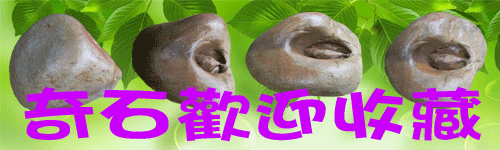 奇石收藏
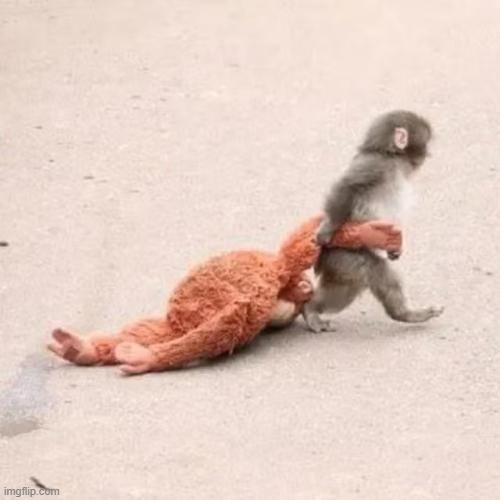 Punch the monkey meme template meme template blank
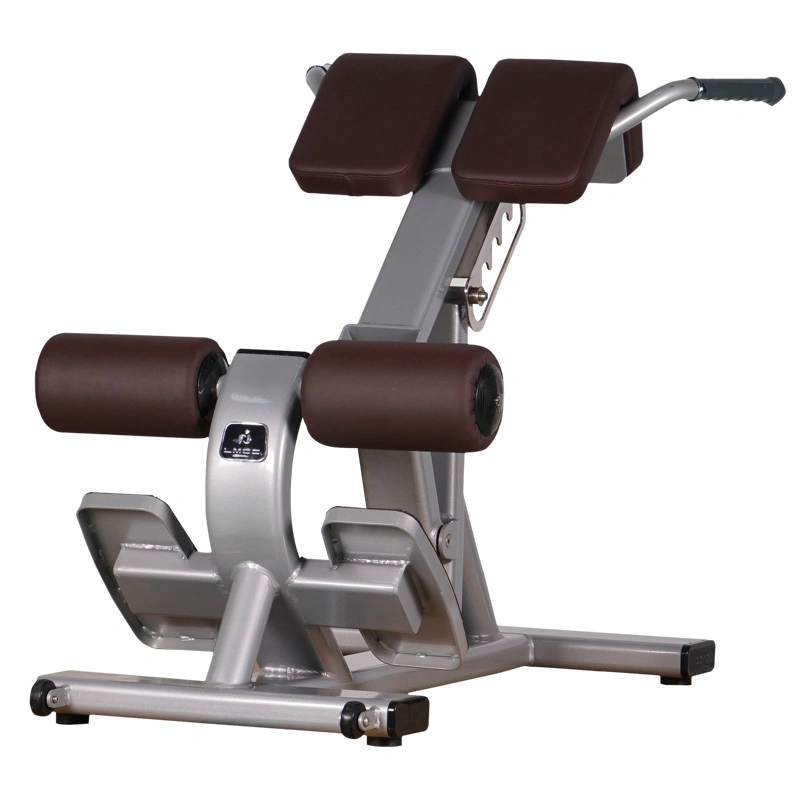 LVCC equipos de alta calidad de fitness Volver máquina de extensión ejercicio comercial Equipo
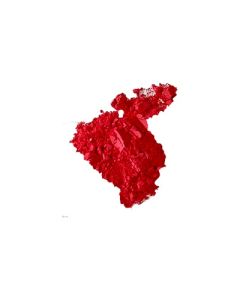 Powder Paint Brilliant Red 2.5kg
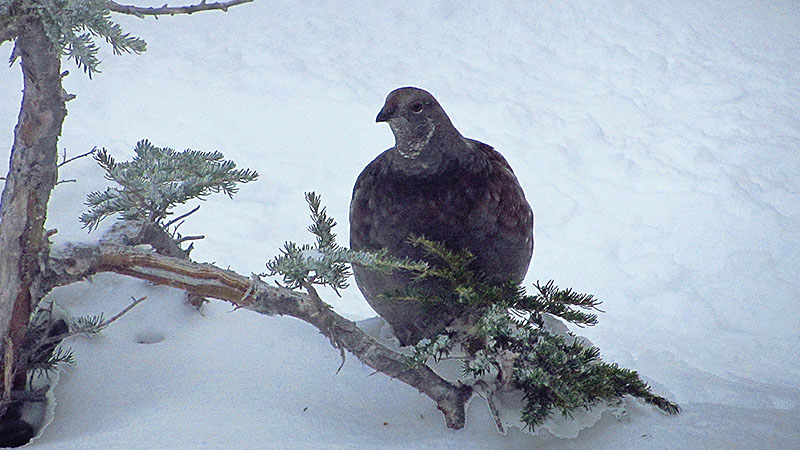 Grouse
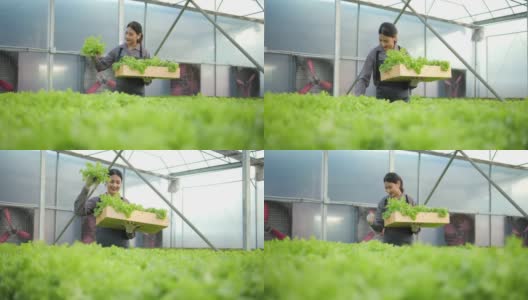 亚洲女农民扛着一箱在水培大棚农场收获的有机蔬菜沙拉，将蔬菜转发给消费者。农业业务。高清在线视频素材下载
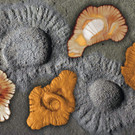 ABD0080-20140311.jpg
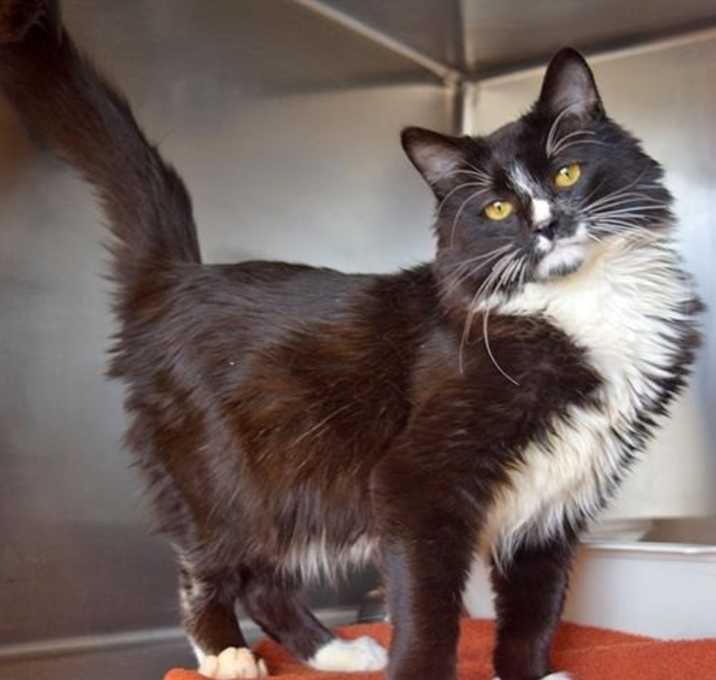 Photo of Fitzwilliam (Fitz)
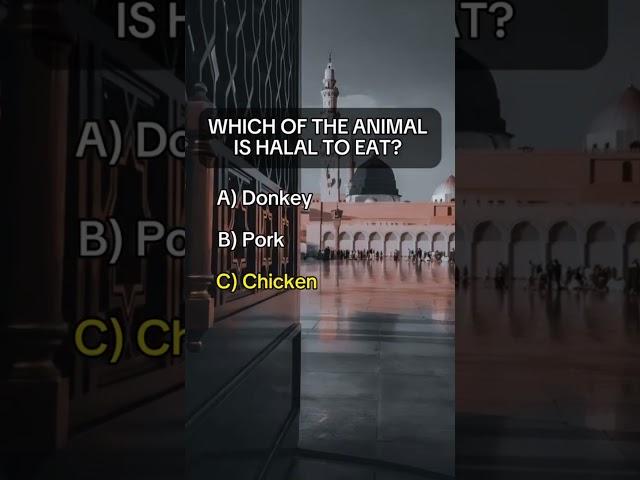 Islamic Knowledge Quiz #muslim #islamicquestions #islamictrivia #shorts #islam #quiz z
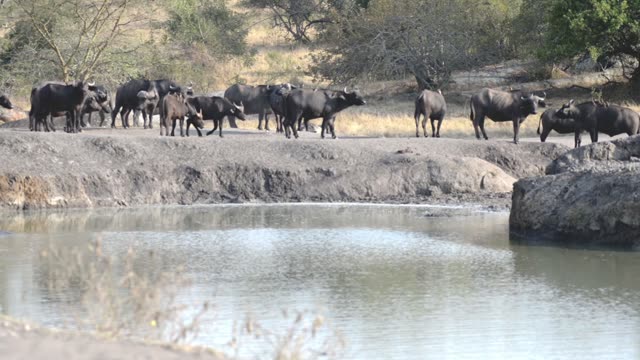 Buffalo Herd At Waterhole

**WORK TASK:** With the pictures removed, return the listing above in its exact original wording.

**THE ANSWER:**
 奇石收藏
 Punch the monkey meme template meme template blank
 LVCC equipos de alta calidad de fitness Volver máquina de extensión ejercicio comercial Equipo
 Powder Paint Brilliant Red 2.5kg
 Grouse
 亚洲女农民扛着一箱在水培大棚农场收获的有机蔬菜沙拉，将蔬菜转发给消费者。农业业务。高清在线视频素材下载
 ABD0080-20140311.jpg
 Photo of Fitzwilliam (Fitz)
 Islamic Knowledge Quiz #muslim #islamicquestions #islamictrivia #shorts #islam #quiz z
 Buffalo Herd At Waterhole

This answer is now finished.